Cara Robbins

As someone who’s been the best man at weddings a handful of times, I can safely say that there’s only one serious drawback to the otherwise genuine honor: the Best Man Speech, in which you must sum up the life-to-that-point of your friend or relative in front of a large crowd, in a humorous but enlightening and, ideally, touching way while promoting his newly hitched reality ​— ​and, of course, the hitchee herself ​— ​as a dream come true. Even for professional story weavers and occasional public speakers like myself, it’s a tall order, enough to nervously taint the hours leading up to the delivery and frequently open the flood gates of free booze relief afterward.

Thankfully, my six or so wedding speeches have been well received, and they’ll probably go down as some of the more memorable instances of my life, and hopefully the lives of a few close friends and relatives, too. Which is to say: Do it right, and you are indeed the best man. So, with no foreseeable future best-man appointments on the horizon, I’m laying down my cards and helping the rest of you lucky-yet-terrified best bros–to-be speak with style and substance.

THINK EARLY AND OFTEN: From the moment you are tapped for the job, begin thinking about what to say. That gives you months, if not more than a year, to ponder your points and recall incidents from your shared past. That will make sure your main points are indeed well considered and give you all the experiential color needed to make them float.

WRITE IT DOWN NOW: Write down everything you think of when you think of it so you’ll have a record to draw from. It’s easiest to do it on your smartphone, either as a note or as a text or email to yourself.

WHAT’S THE POINT? Your talk is a mix of biography (who’s the groom?), autobiography (why’d he ask you to do this?), critical analysis (why’s this guy getting married? why to her?), pep talk (it’s gonna be great!), and sermon (what’s it all mean?). Ask yourself: What does the groom mean to me? (Hopefully he’s a good friend, but maybe he’s also been a mentor, or a shoulder to lean on, or a travel/business/study partner.) What kind of guy is he? (Focus on the positives.) How does it all relate to getting married? (Translate those qualities into being a good husband.)

WHAT’S YOUR EVIDENCE? Back up your claims of his awesomeness with evidence from your friendship, based on things that happened in the past. This is where humor comes in, but instances of kindness, intelligence, and bravery also work well.

PULL IT TOGETHER: Keeping in mind that the talk should be more than five but less than 10 minutes, organize your points and supporting experiences into a flow. Start funny and stay funny when applicable, build up to the point where the two lovebirds came together, reflect on how much the bride means to him and to you, and then wrap it up.

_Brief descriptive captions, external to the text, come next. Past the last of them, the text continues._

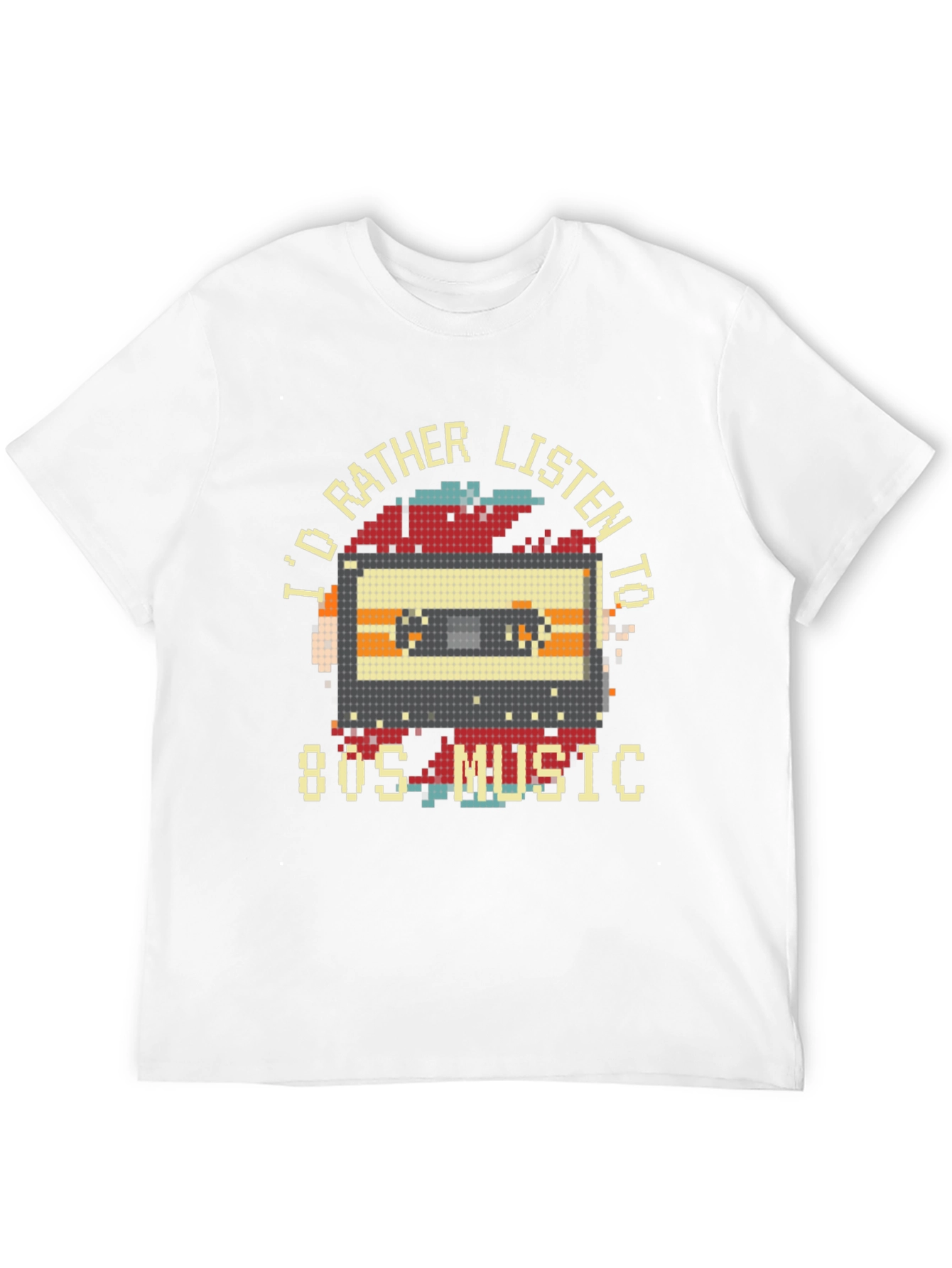 Retro 80s Music Graphic T-Shirt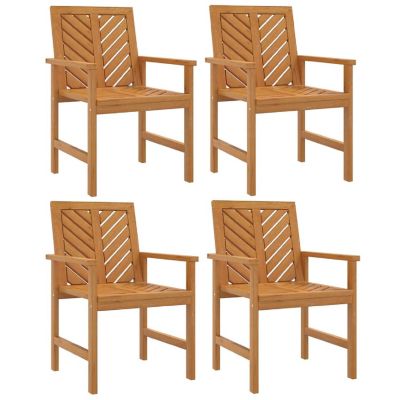 vidaXL Patio Dining Chairs 4 pcs Solid Wood Acacia Image 1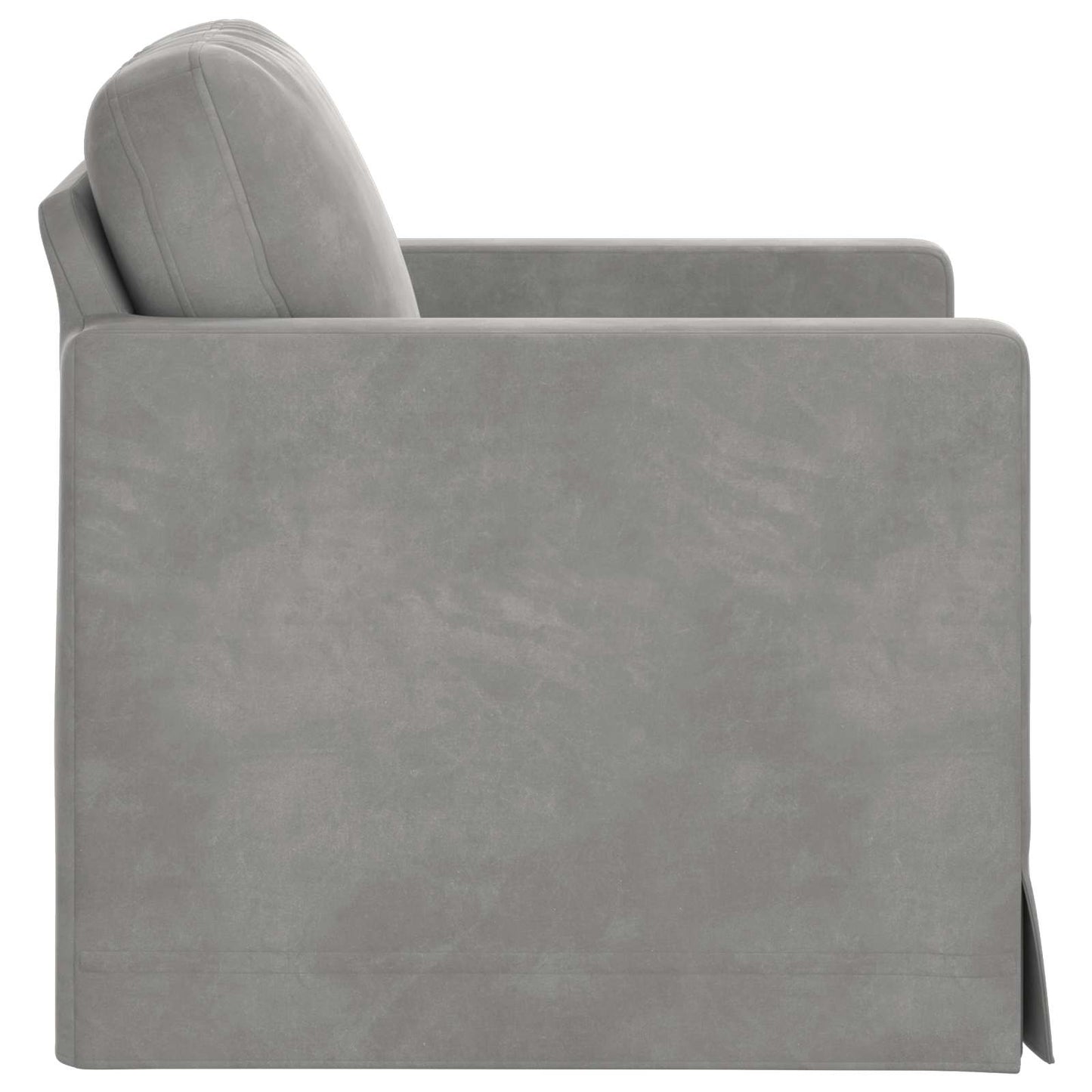 Divano Grigio chiaro 78 x 78 x 80 cm Velluto | homemem39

HAPPY ENDINGS: The ending is critical to make it memorable and feel complete. This sounds cheesy, but it’s pretty easy to write a simple, limerick-like poem that ties together the bride and groom with the places and things they love, with some well wishes along the way. Failing that, steal the line my brother used as the best man in my wedding, which still gets me a bit verklempt: “May you look back on this day and remember it as the day you loved each other the least.”

MEMORIZE IT: For whatever reason, ladies can read from notes when they give their wedding speeches, but men generally do not. Memorization can make for a smoother speech, delivered more like a conversation rather than a lecture, and if you forget something, it probably wasn’t important anyway. It’s okay to have the notes on you, in the event of total breakdown, and also okay to read the ending, if you’ve crafted a special poem or saying.